#### Supplied material

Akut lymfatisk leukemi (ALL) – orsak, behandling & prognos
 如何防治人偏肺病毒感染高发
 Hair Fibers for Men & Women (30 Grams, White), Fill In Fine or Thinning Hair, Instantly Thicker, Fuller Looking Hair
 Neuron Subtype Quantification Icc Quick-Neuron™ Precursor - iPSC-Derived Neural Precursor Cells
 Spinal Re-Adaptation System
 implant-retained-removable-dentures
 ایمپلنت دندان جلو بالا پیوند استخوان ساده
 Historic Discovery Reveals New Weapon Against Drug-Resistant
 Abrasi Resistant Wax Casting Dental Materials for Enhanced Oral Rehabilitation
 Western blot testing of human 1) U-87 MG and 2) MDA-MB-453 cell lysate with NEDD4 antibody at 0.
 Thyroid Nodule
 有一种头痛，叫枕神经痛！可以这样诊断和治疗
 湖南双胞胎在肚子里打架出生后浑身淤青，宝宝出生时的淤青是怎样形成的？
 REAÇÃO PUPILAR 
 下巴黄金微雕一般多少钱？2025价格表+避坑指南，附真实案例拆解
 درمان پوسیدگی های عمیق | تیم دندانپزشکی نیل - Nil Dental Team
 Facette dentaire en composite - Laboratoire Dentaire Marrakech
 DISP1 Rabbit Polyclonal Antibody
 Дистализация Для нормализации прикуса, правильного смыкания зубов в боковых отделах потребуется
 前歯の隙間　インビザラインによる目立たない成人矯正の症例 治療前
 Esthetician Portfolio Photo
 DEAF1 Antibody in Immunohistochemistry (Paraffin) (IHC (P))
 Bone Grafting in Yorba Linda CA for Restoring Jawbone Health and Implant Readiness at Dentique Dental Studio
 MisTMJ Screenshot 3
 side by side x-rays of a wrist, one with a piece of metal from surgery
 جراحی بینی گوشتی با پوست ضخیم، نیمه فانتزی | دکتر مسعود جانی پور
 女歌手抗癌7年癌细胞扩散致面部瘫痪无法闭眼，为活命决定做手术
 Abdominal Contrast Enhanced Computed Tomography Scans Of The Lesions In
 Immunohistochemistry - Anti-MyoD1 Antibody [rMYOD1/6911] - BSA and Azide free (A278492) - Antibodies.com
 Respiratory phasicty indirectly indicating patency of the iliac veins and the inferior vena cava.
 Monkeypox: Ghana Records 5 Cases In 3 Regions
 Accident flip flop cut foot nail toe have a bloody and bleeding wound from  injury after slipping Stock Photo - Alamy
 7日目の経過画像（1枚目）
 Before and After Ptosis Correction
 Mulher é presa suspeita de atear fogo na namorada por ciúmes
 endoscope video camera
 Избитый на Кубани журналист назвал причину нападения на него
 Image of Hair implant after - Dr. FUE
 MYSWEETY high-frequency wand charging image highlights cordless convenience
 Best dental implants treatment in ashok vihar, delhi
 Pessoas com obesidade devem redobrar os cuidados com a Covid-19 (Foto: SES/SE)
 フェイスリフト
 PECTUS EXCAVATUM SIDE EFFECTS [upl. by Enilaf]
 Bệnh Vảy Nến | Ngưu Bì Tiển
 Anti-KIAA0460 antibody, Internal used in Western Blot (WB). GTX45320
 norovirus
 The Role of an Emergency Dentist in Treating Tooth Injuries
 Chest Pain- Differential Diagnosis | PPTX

########

* [What is expected]
From the line containing "Best dental implants" to the last line of the data above, copy each line exactly and add nothing.

* [Answer area]
 Best dental implants treatment in ashok vihar, delhi
 Pessoas com obesidade devem redobrar os cuidados com a Covid-19 (Foto: SES/SE)
 フェイスリフト
 PECTUS EXCAVATUM SIDE EFFECTS [upl. by Enilaf]
 Bệnh Vảy Nến | Ngưu Bì Tiển
 Anti-KIAA0460 antibody, Internal used in Western Blot (WB). GTX45320
 norovirus
 The Role of an Emergency Dentist in Treating Tooth Injuries
 Chest Pain- Differential Diagnosis | PPTX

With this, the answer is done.